The Rise of ESG Standards

A look into how new environmental, social, and governance standards will shape our lives.


Whether you are a person that cares about investments, climate action, business, social justice, or even just yourself, ESG (environmental, social, and governance) standards play into what you’re interested in. ESG is an umbrella term used to refer to data companies derive to easily show investors how their companies are helping to build a greener future. ESG standards in the corporate realm have already shaped our society, and they will continue to do so, since an increasing number of companies each year are engaging in new, groundbreaking measures that advocate for the protection of the three intersecting concepts of ESG. You might ask, “Why are companies spending time on this? Isn’t this not their responsibility?” ESG measures benefit companies, offering a responsible image that increases customer loyalty and overall attractiveness. By collecting ESG data, companies have the power to choose to receive those benefits from engaging in ESG action instead of only focusing on other marketing techniques. Therefore, ESG standards present a win-win situation for investors, companies, and the world.

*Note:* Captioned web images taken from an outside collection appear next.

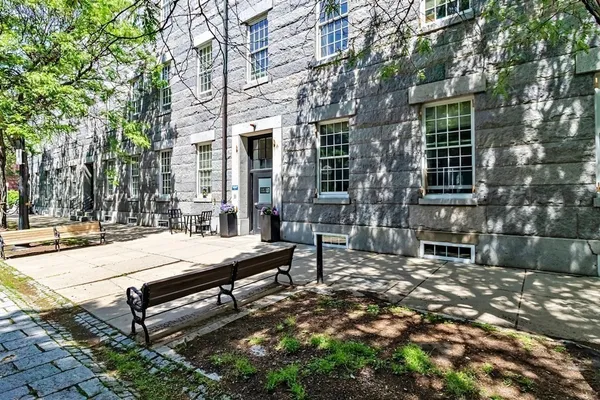 a bench sitting in front of a building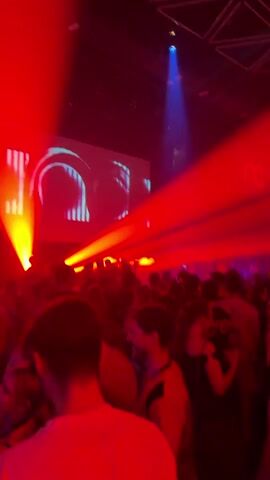 The video shows a crowded indoor venue, likely a nightclub or concert hall. A large screen at the back displays abstract, glowing red and white graphics, resembling metallic arches or pathways. Powerful red laser beams cut through the haze, illuminating the crowd and the screen. The audience, a mix of young adults, appears to be dancing and enjoying the music. Some individuals are holding handheld fans, one pink and white, another red. The lighting is predominantly red and white, with a blue spotlight visible in the upper right corner. The atmosphere is energetic and festive.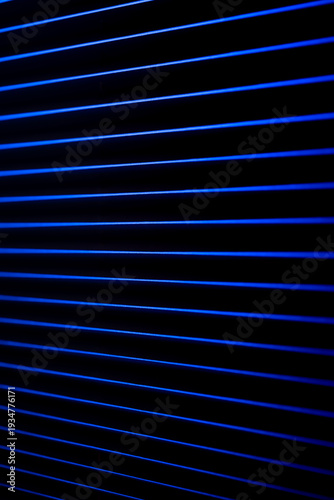 Blue neon lines with deep perspective. Neon corridor.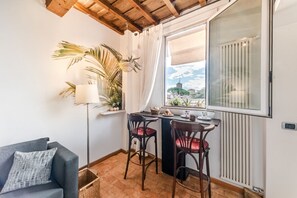 Una habitación acogedora con sofá, dos sillones, una mesita, una planta, una lámpara y una ventana con vistas.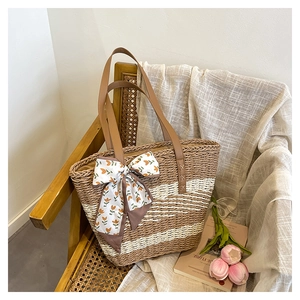 Detail of woven straw tote bag featuring contrast stripes and floral scarf ornament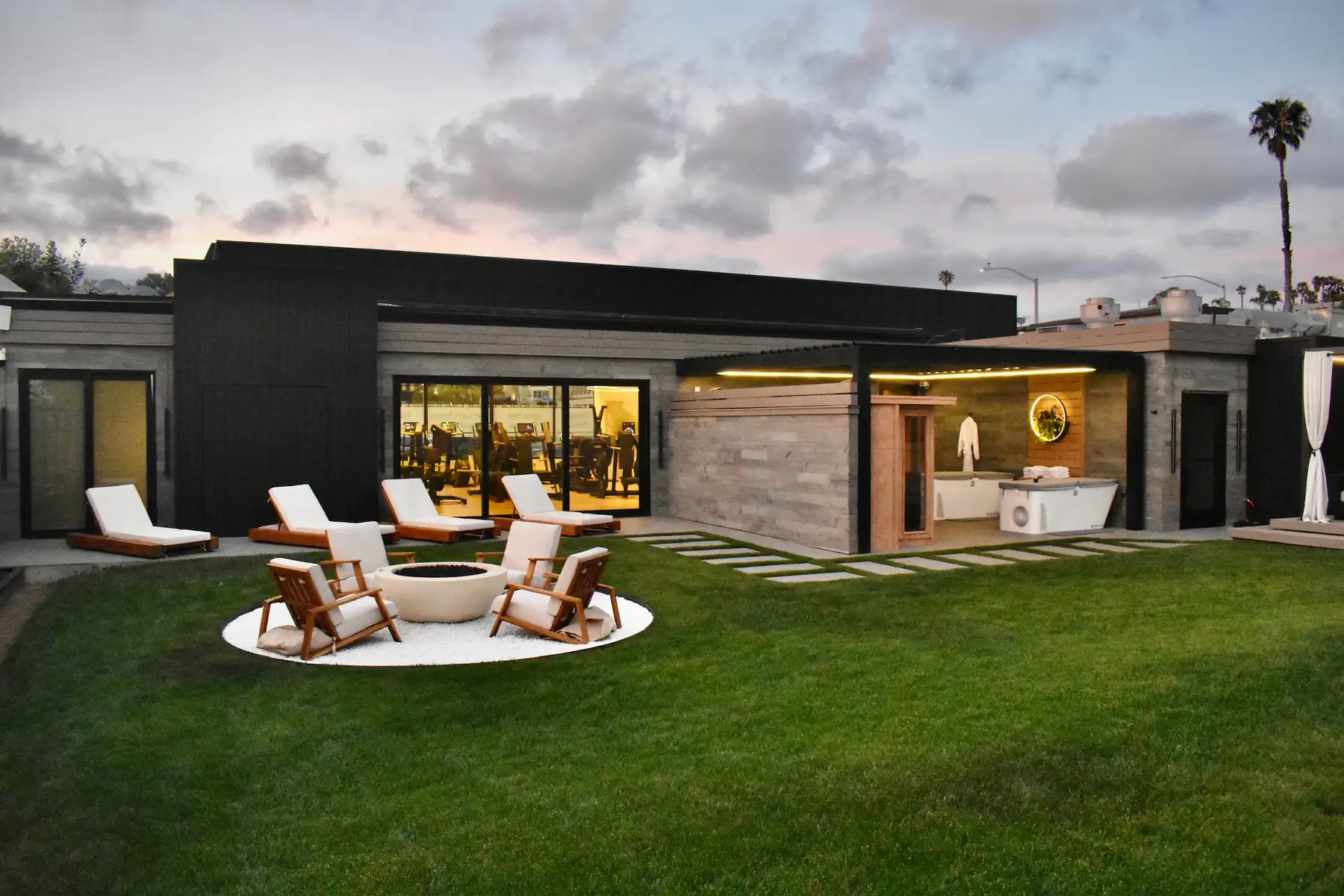 The Bluprint Wellness outdoor lawn, fire pit, and studio exterior at dusk in Solana Beach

Philips, a home appliance and health technology brand, is a perfect case study for the effect that ESG metrics have on large corporations. Philips decided to dive right into the rising practice of improving ESG standards, and even after hitting a learning curve, the company managed to set a model for companies worldwide. After switching to a more sustainable model that reduced waste and increased the presence of recyclable materials in its supply chain, Philips observed a higher rate of customer loyalty and no alteration in profitability or cost. With the help of ESG metrics, corporate commitment, and climate-conscious measures, Philips achieved carbon neutrality in 2020, a goal that every company should strive for in the near future.


Meanwhile, current and future investors can learn from pro-ESG investors and CEOs in the Middle East, especially the CEO of Al Futtaim Holding, a UAE-based developer and shopping center operator. Majid Al Futtaim claims that both veteran and up-and-coming companies can diversify and widen their investor bases in a sustainable and reliable way by commencing ESG efforts. In fact, his company observed a sense of urgency among investors both in and outside of the region to take climate action when its $600 million green bond was oversubscribed, or applied for more times than expected, by just under six times. However, in order for ESG efforts to have a lasting impact on investment rates, companies must release transparent, periodic reports.


The concept of ESG solutions has sparked my interest for a long time, but it was one of the speakers at last year’s Earth Day event, Yosua Hosudo, who inspired me to write this article. During every issue of the Bell, I always circle back to the potential that one’s voice can have, and Hosudo’s decision to come back to St. Stephen’s as an alumni and share his passion for creating change exemplifies the impacts our voice can have on the world we live in. Hosudo manages to enact this change outside of his presentations by combining the world of business and economics with the issue of climate change, recognizing that the two can work together in a time when many people and things will not.